>>>>
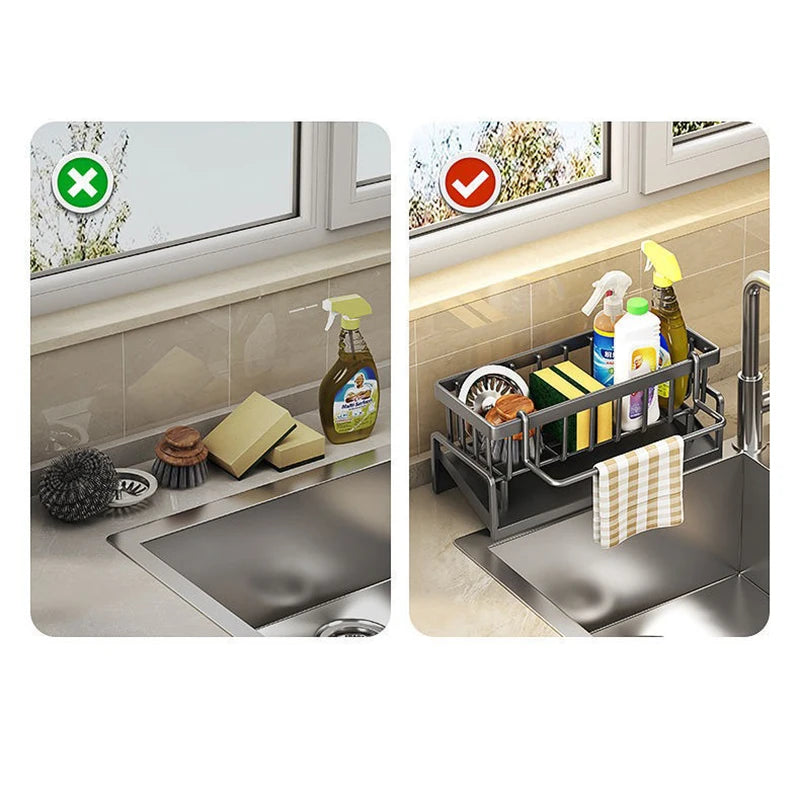 Kitchen Sink Drain Rack Organizer – ABS Plastic Self-Draining Shelf for Soap, Sponge, Dishcloth and Towel Storage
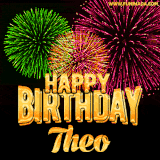 A captivating GIF with bursts of green, pink, and orange fireworks lighting up the night sky, accompanied by 'Happy Birthday Theo' in glowing golden text.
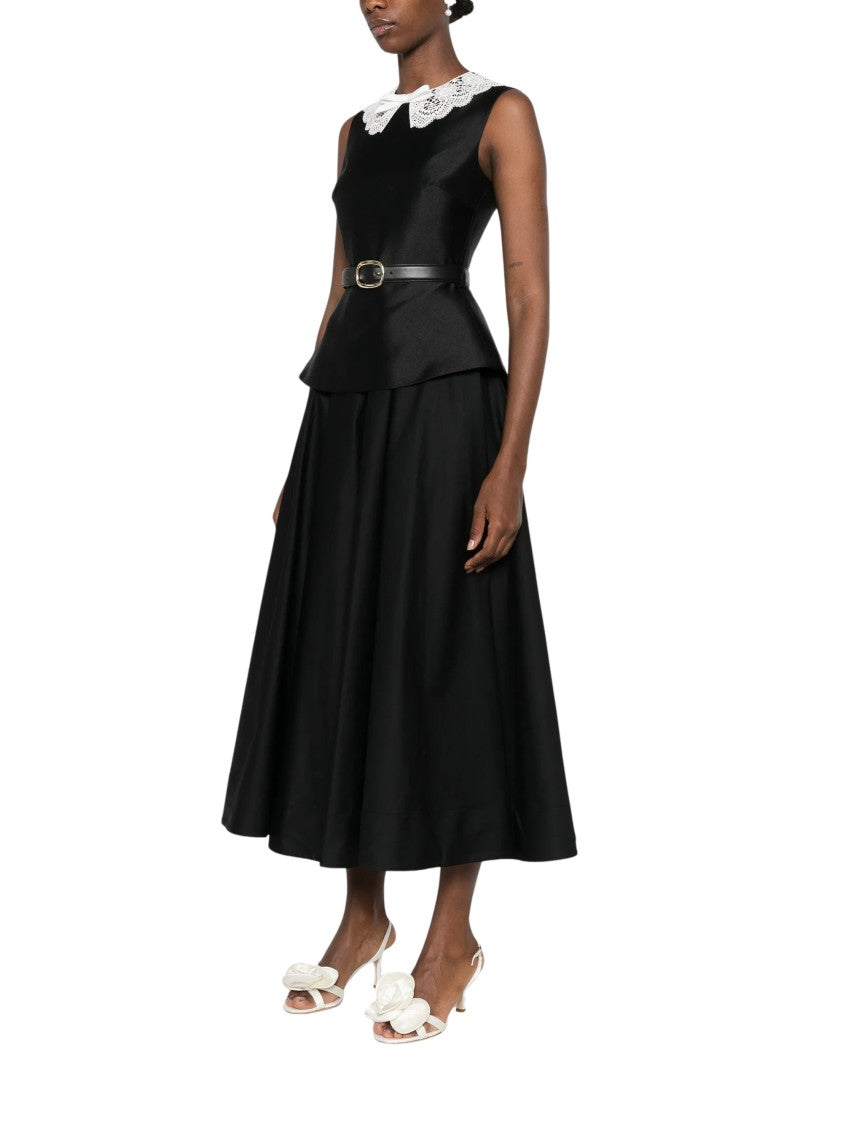 Self-Portrait Black Peplum Jeweled Crepe Midi Dress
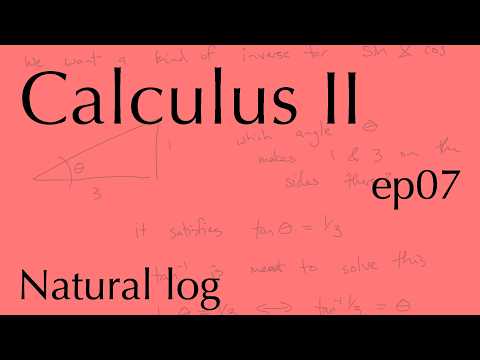 Calculus II ep07: The natural logarithm (Sep 23, 2026)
<<<<
Task goal.
Your task is to repeat the material above exactly, without its pictures.

Solution for this task.
 Kitchen Sink Drain Rack Organizer – ABS Plastic Self-Draining Shelf for Soap, Sponge, Dishcloth and Towel Storage
 A captivating GIF with bursts of green, pink, and orange fireworks lighting up the night sky, accompanied by 'Happy Birthday Theo' in glowing golden text.
 Self-Portrait Black Peplum Jeweled Crepe Midi Dress
 Calculus II ep07: The natural logarithm (Sep 23, 2026)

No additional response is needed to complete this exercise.